Wanted to ask if there's a 'standard' algorith for plotting a best-fit line across the points. I'm thinking to divide the X data points to a predefined number of sets, say 10 or 20, and for each set take the average of the corresponding Y values and the middle X value, and so on to create the line. Is this a correct approach?

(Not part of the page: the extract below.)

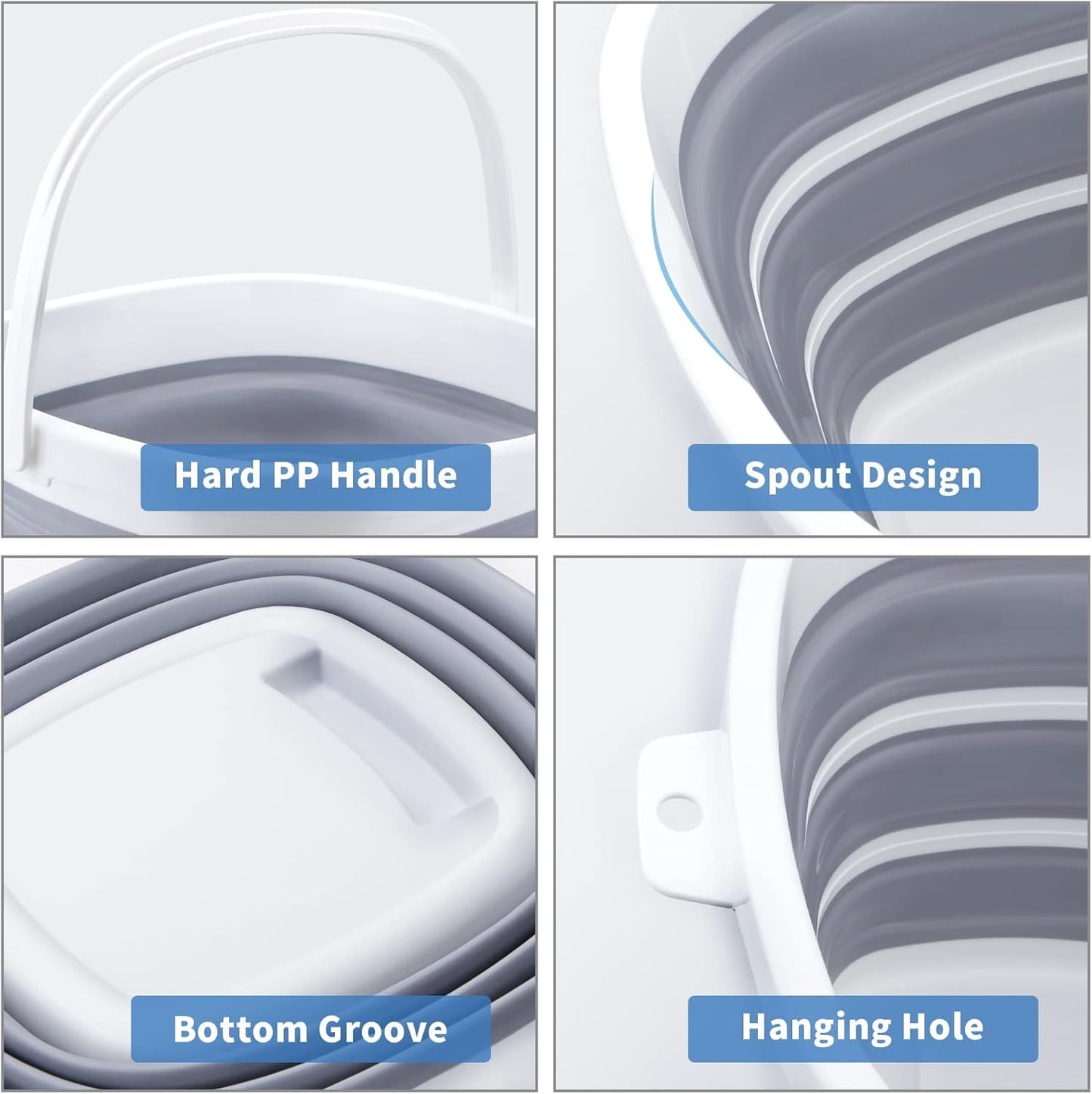 10L Collapsible Bucket – Portable Folding Water Container for Cleaning, Camping, Fishing & Car Wash.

I've searched existing threads but they all seem to be about achieving the same using existing applications like Matlab.


Solution

  • using a Linear least squares algorithm

    public class XYPoint
    {
        public int X;
        public double Y;
    }
    
    class Program
    {
        public static List<XYPoint> GenerateLinearBestFit(List<XYPoint> points, out double a, out double b)
        {
            int numPoints = points.Count;
            double meanX = points.Average(point => point.X);
            double meanY = points.Average(point => point.Y);
    
            double sumXSquared = points.Sum(point => point.X * point.X);
            double sumXY = points.Sum(point => point.X * point.Y);
    
            a = (sumXY / numPoints - meanX * meanY) / (sumXSquared / numPoints - meanX * meanX);
            b = (a * meanX - meanY);
    
            double a1 = a;
            double b1 = b;
    
            return points.Select(point => new XYPoint() { X = point.X, Y = a1 * point.X - b1 }).ToList();
        }
    
        static void Main(string[] args)
        {
            List<XYPoint> points = new List<XYPoint>()
                                       {
                                           new XYPoint() {X = 1, Y = 12},
                                           new XYPoint() {X = 2, Y = 16},
                                           new XYPoint() {X = 3, Y = 34},
                                           new XYPoint() {X = 4, Y = 45},
                                           new XYPoint() {X = 5, Y = 47}
                                       };
    
            double a, b;
    
            List<XYPoint> bestFit = GenerateLinearBestFit(points, out a, out b);
    
            Console.WriteLine("y = {0:#.####}x {1:+#.####;-#.####}", a, -b);
    
            for(int index = 0; index < points.Count; index++)
            {
                Console.WriteLine("X = {0}, Y = {1}, Fit = {2:#.###}", points[index].X, points[index].Y, bestFit[index].Y);
            }
        }
    }